Latinamerica’s recovery will be very show while unemployment keeps a rising tendency, warned on Monday Alicia Barcena, Executive Secretary for the United Nations Latinamerica and Caribbean Economic Commission, Cepal.
“The world has entered a stage where growth rates will be less than those we have been accustomed to in recent years”, said economist Barcena during a conference on regional challenges following the financial crisis, held at the OAS building in Washington.
Latinamerica will not escape this tendency and the average expansion will be in the range of 3%, well below what has been recent experience, and which is “insufficient to ensure recovery” from the impact of the economic crisis, added Barcena.
“We need growth in the range of 6% for a steady healthy recovery”, she underlined.
But what is most worrisome is unemployment, and its sustained increase which averages 8.9% in the region, “still very high”.
Barcena said that according to the forecasts from Cepal the region is set to contract 1.9% this year, even when latest positive data “could be indicating that the percentage could fall to 1.5%”.

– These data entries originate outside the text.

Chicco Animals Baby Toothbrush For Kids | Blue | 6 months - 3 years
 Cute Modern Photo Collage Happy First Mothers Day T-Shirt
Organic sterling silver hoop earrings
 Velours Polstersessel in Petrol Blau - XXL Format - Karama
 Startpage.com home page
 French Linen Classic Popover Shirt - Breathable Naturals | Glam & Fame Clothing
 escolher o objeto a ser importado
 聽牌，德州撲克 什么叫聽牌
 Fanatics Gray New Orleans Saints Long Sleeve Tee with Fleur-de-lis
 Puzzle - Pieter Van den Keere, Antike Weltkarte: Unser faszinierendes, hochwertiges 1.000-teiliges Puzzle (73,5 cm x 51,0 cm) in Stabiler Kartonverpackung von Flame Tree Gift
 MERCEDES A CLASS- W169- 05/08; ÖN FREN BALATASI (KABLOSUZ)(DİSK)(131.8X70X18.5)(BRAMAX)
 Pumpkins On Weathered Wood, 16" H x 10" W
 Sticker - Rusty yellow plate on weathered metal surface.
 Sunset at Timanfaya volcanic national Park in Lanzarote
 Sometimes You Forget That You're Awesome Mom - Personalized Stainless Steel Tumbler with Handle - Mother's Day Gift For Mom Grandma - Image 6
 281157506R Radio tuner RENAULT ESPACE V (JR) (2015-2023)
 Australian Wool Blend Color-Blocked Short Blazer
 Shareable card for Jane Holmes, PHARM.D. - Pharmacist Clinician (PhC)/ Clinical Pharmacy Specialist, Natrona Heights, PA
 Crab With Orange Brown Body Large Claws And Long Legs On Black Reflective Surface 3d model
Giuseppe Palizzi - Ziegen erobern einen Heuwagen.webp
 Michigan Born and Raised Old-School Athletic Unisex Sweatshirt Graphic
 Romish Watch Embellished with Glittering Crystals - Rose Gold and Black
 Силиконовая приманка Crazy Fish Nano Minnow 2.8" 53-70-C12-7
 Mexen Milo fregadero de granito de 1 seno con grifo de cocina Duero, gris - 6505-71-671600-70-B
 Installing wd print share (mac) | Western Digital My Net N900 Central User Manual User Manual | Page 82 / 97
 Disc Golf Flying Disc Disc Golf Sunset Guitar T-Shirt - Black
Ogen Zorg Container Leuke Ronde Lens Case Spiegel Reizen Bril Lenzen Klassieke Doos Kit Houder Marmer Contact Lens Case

She emphasized that now “more than ever” countries need to keep sustaining stimulus plans and programs that help the needy and less benefited.
“We can’t let our arms down, social inclusion will not recover automatically”, she said adding that to increase resources Latinamerican countries will have to improve their fiscal systems, since the current level of taxing is barely 18%.
“We have a deficit of State presence. The State is not only a deliverer; it must play a more active role and go well beyond subsidies”, she remarked.